Sean “Diddy” Combs’ legal team has officially reached out to Donald Trump about securing a presidential pardon. Attorney Nicole Westmoreland confirmed the outreach during an interview with CNN correspondent Elizabeth Wagmeister, which aired Tuesday, August 5.
“It’s my understanding that we’ve reached out and had conversations in reference to a pardon,” Westmoreland stated. “I think that Mr. Combs is a very hopeful person, and I believe that he remains hopeful,” she added after Wagmeister noted Trump’s reluctance to grant the pardon.
Trump himself addressed the situation during a recent Newsmax interview, saying, “I was very friendly with him, I got along with him great, and he seemed like a nice guy. I didn’t know him well. But when I ran for office, he was very hostile,” explaining that this tension makes a pardon “more difficult to do.”
Back in May 2025, as Combs’ criminal trial began, rumors circulated that his team had already been holding “ongoing and preliminary” talks with Trump regarding a potential pardon, despite past friction between the two. Reports last week suggested that Trump was “seriously considering” the move.

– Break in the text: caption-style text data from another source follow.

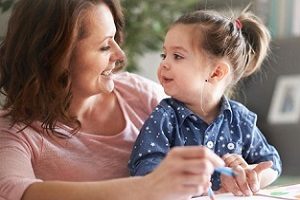 Children Love To Repeat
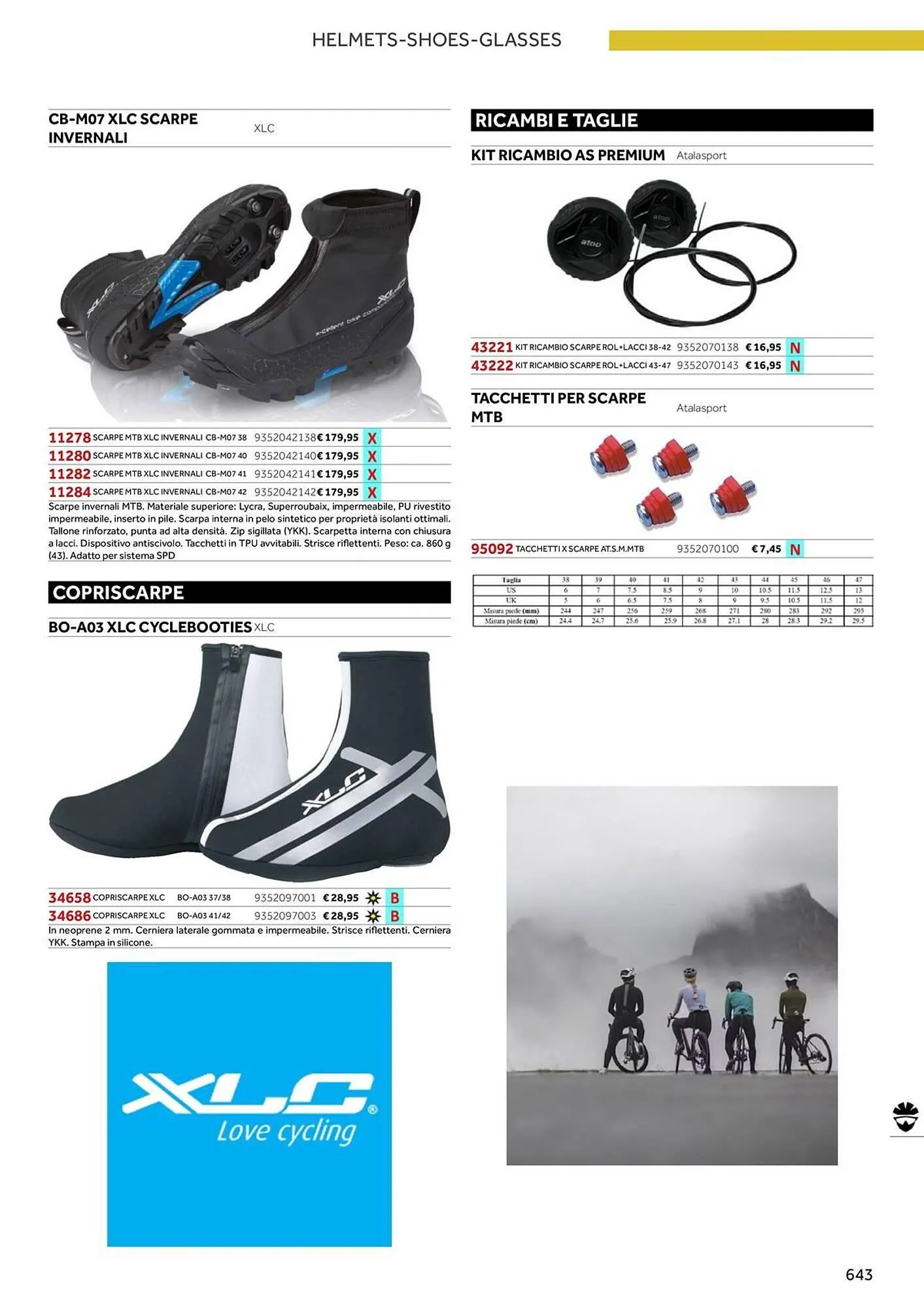 Volantino Atala da 20 novembre a 31 dicembre di 2025 - Pagina del volantino 651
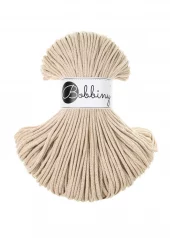 Bobbiny Junior 3mm - Warm Beige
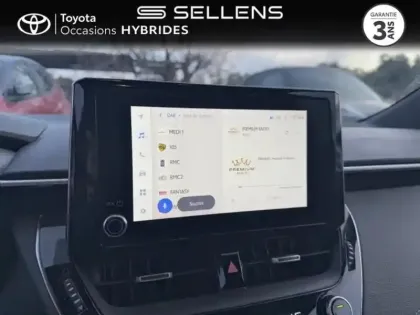 Photo 14 Toyota Corolla  122h Design MY22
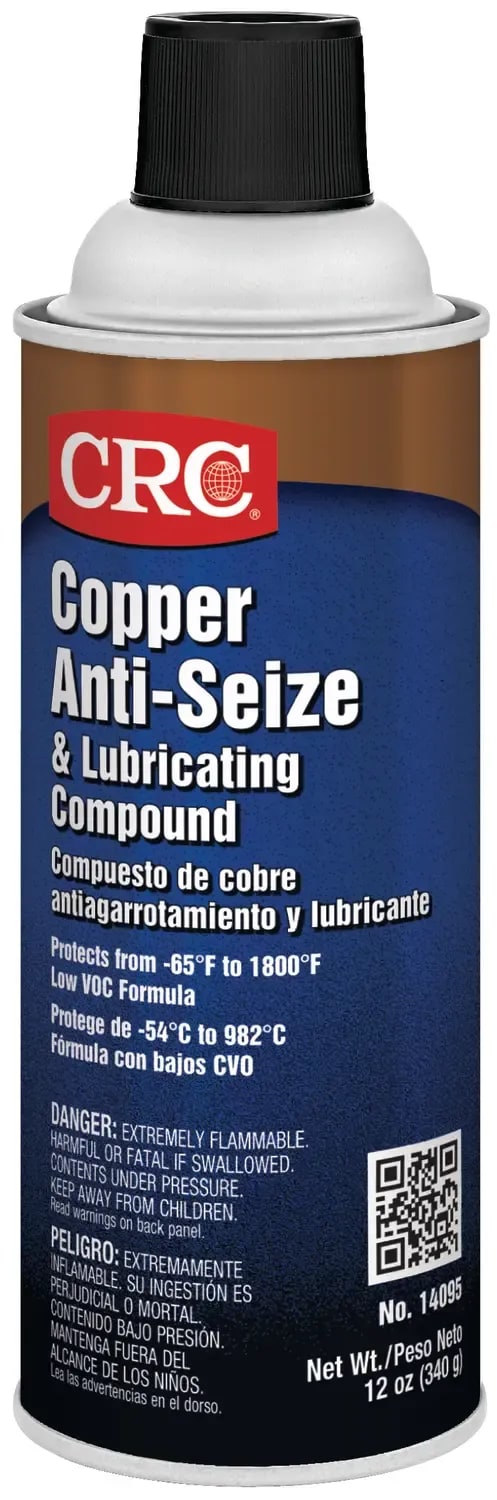 CRC Copper Anti-Seize - 12 oz Aerosol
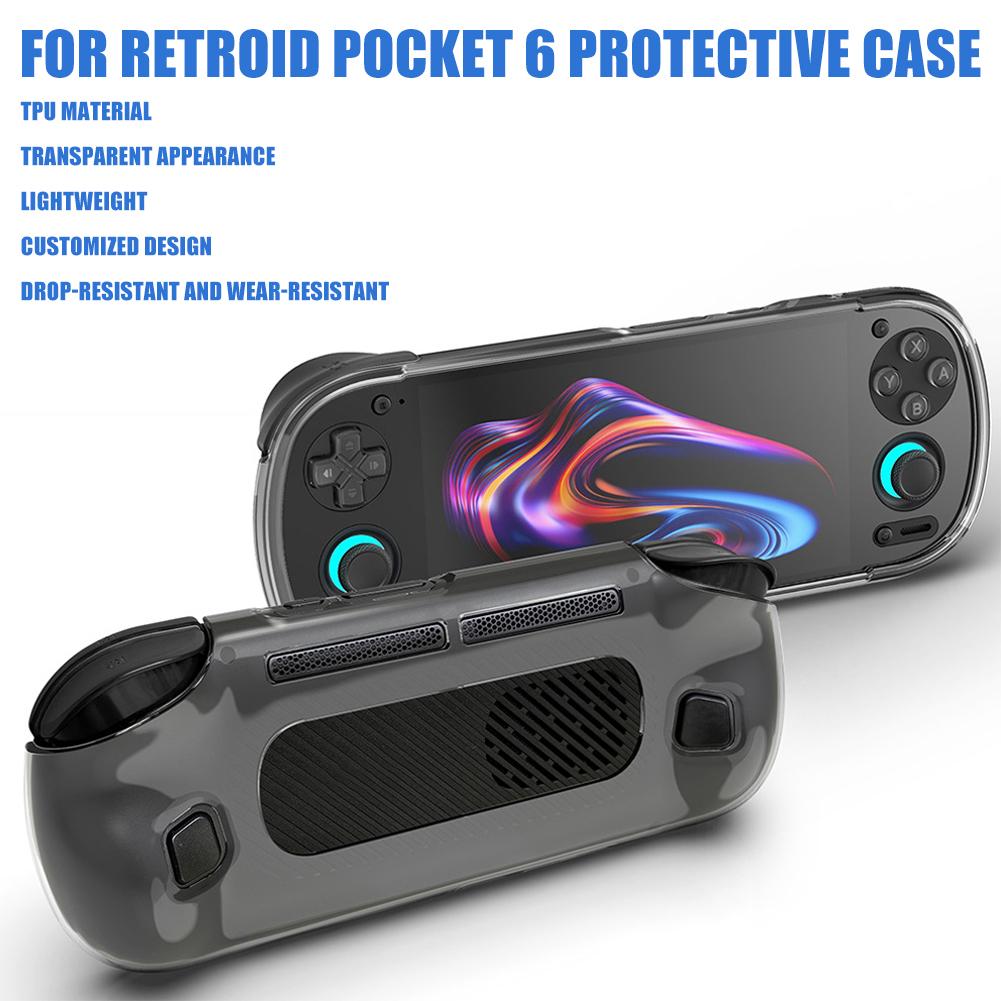 Protective Case For Retroid Po - огляд і ціна Gaming Accessories Dropshipping Suppliers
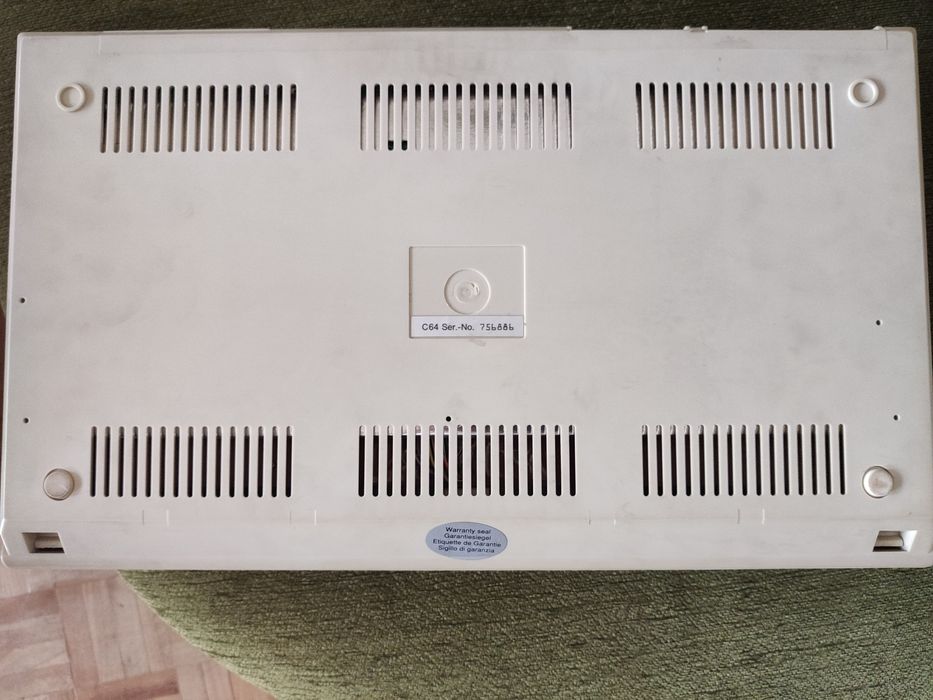 Komputer commodore c64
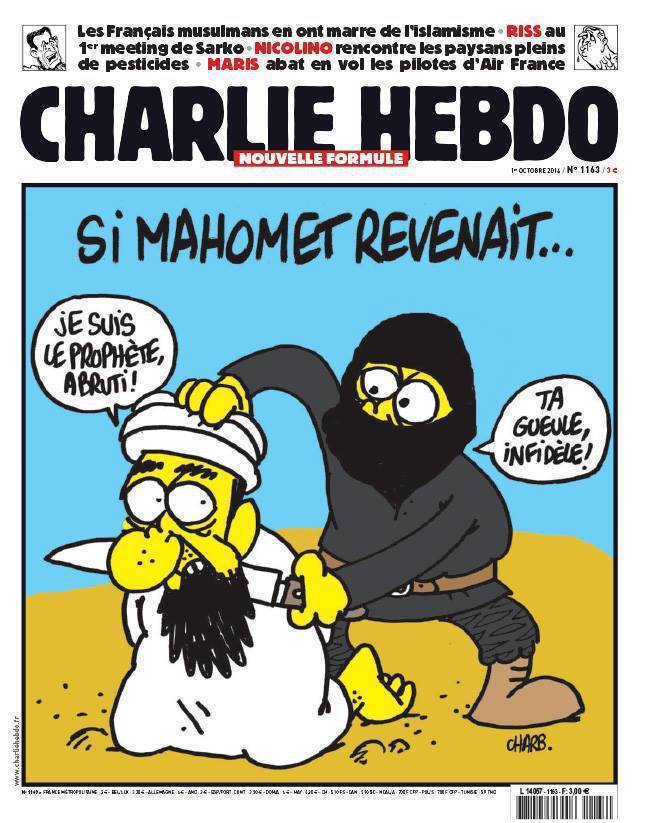 Financial Times a modificat un articol online în care critica publicaţia franceză Charlie Hebdo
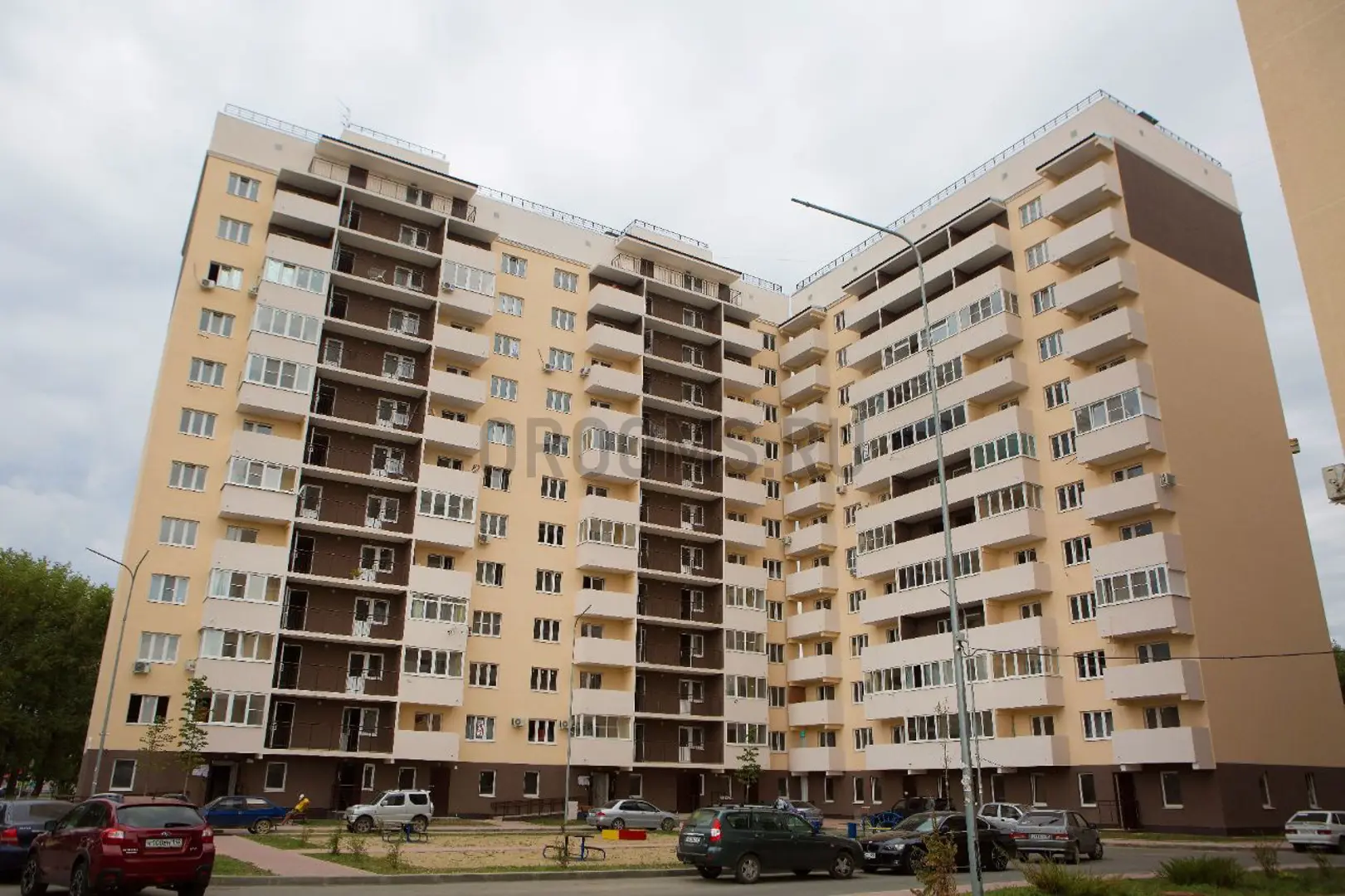 ЖК КРАСНАЯ ПЛОЩАДЬ | id-13508 ЖК КРАСНАЯ ПЛОЩАДЬ - новостройка эконом-класса | id-13508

Combs, 55, was recently convicted on two federal counts of transporting women across state lines for the purpose of prostitution but was acquitted of racketeering and sex trafficking charges. Earlier this week, Judge Arun Subramanian denied Combs’ latest bail request, citing the Grammy winner as a “risk of flight or danger.”
“Even if the flight-or-danger requirement was satisfied, there are no ‘exceptional reasons’ warranting a departure from what Congress has required,” Subramanian wrote. “Combs’s Mann Act arguments might have traction in a case that didn’t involve evidence of violence, coercion, or subjugation in connection with the acts of prostitution at issue, but the record here contains evidence of all three.”
Combs’ attorneys are now pushing to have his conviction overturned or to secure a new trial, arguing that the jury’s ruling under the federal Mann Act was unconstitutional. “The government told the jury it had to convict so long as Mr. Combs arranged for a long-time girlfriend or a paid male escort or entertainer to travel across state lines to get together and have sex,” his legal team stated. “And that is all the jury convicted him for.”